Jack and Zina opened a pizzeria & restaurant in 1969. A local grocery store owner, impressed with their Pizza products, urged Jack and Zina to go into the frozen food business.

The company began making frozen Pizza and Pizza bread in an old bakery that was renovated into a manufacturing facility in 1979. These Pizzas and Pizza breads were sold under the Palermo’s brand name, and Jack Fallucca soon became known as "Papa Palermo."

In fall 2009, Palermo Villa Inc. announced plans to expand its existing company headquarters in the Menomonee Valley.

In September 2009, Palermo's Pizza appeared on an episode of Unwrapped. In January 2010, the company also appeared on an episode of Factory Made on the Discovery Channel and Science Channel. Palmero has partnered with brands such as Cheez-It, Ragú, and Stranger Things.

==Distribution==
Brands include Palermo's, Screamin’ Sicilian, Urban Pie Pizza Co., Surfer Boy Pizza, and Connie’s Pizza, all manufactured under the Palermo Family of Brands.

== Controversies ==

=== Trademark infringement claim ===
In March 2007, Palermo Villa Inc. filed a trademark infringement lawsuit against Trader Joe's in U.S. District Court in Milwaukee.

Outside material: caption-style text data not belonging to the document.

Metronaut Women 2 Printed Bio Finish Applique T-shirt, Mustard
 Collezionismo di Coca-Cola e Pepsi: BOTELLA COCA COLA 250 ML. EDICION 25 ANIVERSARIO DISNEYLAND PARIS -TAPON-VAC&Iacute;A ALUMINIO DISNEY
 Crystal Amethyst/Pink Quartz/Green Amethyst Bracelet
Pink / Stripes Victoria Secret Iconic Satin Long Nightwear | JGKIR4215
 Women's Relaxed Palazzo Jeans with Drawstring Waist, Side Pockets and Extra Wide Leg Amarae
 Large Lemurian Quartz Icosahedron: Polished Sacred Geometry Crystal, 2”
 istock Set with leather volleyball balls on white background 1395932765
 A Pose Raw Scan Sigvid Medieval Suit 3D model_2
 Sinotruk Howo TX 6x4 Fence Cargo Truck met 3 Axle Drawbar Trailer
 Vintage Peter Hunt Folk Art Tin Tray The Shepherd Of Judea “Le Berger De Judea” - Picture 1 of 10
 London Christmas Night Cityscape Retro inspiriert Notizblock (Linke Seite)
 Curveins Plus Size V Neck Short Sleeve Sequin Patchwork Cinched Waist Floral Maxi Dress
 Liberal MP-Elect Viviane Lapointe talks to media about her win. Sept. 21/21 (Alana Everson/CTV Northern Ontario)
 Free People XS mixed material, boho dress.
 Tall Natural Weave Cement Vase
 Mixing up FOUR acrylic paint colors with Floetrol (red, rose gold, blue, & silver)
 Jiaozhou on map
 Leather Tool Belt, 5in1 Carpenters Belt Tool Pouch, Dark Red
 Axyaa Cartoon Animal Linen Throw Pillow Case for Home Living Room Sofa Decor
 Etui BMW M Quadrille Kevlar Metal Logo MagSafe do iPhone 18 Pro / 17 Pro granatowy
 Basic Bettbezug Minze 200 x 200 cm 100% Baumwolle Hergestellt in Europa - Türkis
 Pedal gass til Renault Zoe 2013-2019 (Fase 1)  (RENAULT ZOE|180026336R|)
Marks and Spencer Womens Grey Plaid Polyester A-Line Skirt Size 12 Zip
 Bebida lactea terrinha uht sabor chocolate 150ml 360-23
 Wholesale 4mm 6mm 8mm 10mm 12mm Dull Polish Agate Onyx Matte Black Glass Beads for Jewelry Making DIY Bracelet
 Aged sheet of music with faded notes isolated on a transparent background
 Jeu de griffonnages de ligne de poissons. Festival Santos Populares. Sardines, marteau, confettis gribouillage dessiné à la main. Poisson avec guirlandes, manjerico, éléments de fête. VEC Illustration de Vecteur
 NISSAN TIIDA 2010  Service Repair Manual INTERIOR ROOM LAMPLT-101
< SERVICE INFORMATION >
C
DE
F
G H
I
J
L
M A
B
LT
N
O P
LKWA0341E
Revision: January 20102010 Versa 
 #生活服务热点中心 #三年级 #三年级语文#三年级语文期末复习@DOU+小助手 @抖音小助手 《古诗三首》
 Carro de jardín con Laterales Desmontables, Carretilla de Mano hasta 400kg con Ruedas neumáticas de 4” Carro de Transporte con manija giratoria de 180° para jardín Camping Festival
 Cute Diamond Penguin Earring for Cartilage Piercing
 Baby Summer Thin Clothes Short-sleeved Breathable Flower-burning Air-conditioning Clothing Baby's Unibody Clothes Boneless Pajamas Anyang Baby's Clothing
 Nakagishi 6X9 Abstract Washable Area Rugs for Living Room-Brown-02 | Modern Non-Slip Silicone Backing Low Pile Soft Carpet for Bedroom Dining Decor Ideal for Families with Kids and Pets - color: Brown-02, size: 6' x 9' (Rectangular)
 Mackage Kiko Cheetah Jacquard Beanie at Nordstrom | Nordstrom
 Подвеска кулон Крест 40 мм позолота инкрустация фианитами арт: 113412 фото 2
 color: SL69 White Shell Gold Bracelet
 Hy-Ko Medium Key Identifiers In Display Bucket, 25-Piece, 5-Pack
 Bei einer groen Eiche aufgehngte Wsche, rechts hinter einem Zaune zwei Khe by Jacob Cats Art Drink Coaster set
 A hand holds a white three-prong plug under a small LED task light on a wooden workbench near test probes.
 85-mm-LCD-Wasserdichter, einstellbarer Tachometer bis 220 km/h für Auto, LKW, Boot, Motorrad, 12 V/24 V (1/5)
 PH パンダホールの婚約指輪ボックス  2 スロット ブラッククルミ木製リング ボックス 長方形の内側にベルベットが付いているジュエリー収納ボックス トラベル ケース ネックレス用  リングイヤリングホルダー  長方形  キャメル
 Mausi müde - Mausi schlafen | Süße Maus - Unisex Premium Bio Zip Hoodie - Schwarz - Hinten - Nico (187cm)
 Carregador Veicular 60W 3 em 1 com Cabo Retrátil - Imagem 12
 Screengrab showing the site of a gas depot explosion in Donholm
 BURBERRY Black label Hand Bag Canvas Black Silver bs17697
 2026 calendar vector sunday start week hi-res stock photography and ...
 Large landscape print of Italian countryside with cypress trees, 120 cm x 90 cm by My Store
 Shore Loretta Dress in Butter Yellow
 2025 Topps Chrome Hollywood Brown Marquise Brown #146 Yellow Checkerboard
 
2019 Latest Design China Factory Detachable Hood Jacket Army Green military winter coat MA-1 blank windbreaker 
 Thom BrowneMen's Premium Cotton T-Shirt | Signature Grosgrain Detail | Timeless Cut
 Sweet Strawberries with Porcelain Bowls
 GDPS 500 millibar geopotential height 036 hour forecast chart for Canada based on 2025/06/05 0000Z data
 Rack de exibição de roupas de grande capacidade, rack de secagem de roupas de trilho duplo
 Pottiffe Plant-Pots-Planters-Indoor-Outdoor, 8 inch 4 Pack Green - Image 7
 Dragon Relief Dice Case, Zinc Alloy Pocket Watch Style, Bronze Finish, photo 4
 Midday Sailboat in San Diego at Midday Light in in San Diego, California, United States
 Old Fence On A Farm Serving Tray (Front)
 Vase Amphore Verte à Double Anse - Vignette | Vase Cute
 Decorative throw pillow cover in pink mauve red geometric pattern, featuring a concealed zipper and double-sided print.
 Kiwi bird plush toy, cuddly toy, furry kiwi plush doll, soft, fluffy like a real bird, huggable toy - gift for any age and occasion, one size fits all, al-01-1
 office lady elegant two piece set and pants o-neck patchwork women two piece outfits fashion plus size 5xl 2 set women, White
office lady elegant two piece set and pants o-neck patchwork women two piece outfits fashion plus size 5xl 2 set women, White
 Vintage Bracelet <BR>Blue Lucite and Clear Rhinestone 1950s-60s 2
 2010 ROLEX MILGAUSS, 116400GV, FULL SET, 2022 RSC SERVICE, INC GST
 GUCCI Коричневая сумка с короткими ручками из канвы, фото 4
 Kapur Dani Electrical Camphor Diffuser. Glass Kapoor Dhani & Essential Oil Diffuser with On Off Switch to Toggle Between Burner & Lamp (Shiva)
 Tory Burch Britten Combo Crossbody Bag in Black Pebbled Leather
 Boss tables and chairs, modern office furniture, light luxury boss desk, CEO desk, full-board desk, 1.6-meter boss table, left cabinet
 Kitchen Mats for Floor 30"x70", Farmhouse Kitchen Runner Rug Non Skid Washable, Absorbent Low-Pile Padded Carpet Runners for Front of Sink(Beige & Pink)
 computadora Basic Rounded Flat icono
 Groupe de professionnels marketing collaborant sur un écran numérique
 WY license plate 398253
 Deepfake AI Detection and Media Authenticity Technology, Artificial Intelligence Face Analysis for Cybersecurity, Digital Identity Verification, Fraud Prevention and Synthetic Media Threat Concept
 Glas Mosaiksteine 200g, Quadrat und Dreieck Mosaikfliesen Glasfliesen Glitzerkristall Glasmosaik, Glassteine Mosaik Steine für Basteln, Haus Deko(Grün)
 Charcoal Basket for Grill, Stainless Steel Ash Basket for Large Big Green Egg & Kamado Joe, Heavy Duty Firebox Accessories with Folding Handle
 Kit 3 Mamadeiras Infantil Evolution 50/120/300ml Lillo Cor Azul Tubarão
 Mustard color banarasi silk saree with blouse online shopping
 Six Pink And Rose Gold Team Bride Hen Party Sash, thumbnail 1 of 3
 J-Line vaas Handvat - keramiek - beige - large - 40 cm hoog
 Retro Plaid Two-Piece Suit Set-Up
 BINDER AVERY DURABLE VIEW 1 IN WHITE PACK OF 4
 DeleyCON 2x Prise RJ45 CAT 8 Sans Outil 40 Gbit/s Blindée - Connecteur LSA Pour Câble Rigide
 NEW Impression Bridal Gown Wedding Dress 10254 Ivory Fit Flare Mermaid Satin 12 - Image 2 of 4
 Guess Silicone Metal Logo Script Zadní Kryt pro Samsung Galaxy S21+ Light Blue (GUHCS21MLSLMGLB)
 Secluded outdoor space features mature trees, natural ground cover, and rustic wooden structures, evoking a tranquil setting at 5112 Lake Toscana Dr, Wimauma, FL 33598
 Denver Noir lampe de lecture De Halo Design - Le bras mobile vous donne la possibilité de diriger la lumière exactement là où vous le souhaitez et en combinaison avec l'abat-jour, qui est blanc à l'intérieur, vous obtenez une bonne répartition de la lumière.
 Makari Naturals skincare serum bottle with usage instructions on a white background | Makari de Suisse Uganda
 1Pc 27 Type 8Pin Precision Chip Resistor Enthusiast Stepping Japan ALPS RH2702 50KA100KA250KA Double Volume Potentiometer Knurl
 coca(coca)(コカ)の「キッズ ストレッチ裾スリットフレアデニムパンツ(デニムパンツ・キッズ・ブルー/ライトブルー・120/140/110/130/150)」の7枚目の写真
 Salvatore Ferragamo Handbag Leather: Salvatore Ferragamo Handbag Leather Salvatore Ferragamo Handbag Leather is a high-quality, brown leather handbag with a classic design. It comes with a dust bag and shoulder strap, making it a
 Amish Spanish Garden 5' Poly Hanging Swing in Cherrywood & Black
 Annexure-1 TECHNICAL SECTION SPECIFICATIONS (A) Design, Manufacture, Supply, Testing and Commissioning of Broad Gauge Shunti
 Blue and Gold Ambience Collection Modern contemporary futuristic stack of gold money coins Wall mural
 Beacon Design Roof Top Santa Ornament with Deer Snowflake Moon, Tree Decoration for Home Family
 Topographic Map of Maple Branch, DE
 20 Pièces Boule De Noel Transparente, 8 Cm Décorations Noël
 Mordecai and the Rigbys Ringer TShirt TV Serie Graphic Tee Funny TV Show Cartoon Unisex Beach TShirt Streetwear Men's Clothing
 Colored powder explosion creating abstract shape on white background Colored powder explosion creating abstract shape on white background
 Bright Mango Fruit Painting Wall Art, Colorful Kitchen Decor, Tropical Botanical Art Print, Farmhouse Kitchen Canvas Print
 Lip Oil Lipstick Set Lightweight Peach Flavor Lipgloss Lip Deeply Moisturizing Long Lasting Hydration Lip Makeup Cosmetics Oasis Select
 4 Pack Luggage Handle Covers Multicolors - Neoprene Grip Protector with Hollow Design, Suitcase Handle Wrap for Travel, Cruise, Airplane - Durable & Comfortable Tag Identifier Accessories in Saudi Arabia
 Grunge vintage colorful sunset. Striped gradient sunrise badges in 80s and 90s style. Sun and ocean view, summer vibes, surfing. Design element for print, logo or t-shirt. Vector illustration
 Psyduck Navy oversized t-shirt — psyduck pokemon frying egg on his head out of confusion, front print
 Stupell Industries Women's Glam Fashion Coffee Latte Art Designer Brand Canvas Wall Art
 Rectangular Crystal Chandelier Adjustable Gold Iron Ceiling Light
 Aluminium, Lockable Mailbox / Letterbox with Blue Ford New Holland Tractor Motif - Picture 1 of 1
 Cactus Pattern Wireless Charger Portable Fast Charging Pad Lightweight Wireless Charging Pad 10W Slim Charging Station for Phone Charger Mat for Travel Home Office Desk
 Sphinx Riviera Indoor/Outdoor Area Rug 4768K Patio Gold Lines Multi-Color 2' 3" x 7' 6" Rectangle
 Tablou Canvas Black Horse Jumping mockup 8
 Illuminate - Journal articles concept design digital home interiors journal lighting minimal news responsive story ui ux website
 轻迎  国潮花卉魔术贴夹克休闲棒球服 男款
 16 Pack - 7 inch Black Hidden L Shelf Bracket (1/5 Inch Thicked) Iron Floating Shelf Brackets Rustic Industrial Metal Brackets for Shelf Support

The frozen pizza manufacturer claimed the grocery chain was trading the Palermo's Pizza brand unfairly under the name Pizza Palermo. The two companies reached a settlement in July 2007 leading Palermo Villa to pursue no further action. The terms of the settlement were not disclosed to the public.

=== Labor dispute ===
On June 1, 2012, about 100 or half of Palermo's workers went on strike to protest the firing of nearly all 89 immigrant workers lacking necessary documentation in what striking workers claim to be retaliation for signing a petition to form a union, as well as what they said were poor wages and working conditions.

Activist groups such as the Overpass Light Brigade, and Voces de la Frontera have supported and picketed with the strikers, as well as Labor unions across the United States who called for a boycott of Palermo's products.

On August 31, 2012, Palermo CEO Giacomo Fallucca and AFL–CIO President Richard Trumka met to discuss issues and concerns, but the meeting yielded no progress on the strike. Palermo's officials counter strikers' claims saying that the company acted to terminate employment of workers lacking specific documentation in response to warnings it had received from federal immigration authorities to fire unauthorized workers or face hefty fines.

In November 2012, the National Labor Relations Board ruled in the 5-month-old strike that it had found that the company acted lawfully when it terminated 75 workers as part of an immigration audit and did not use the audit as retaliation for the workers' efforts to form a union, but that Palermo's did violate federal law when it fired nine workers, including two temporary workers, in retaliation for engaging in or supporting the strike and union activity.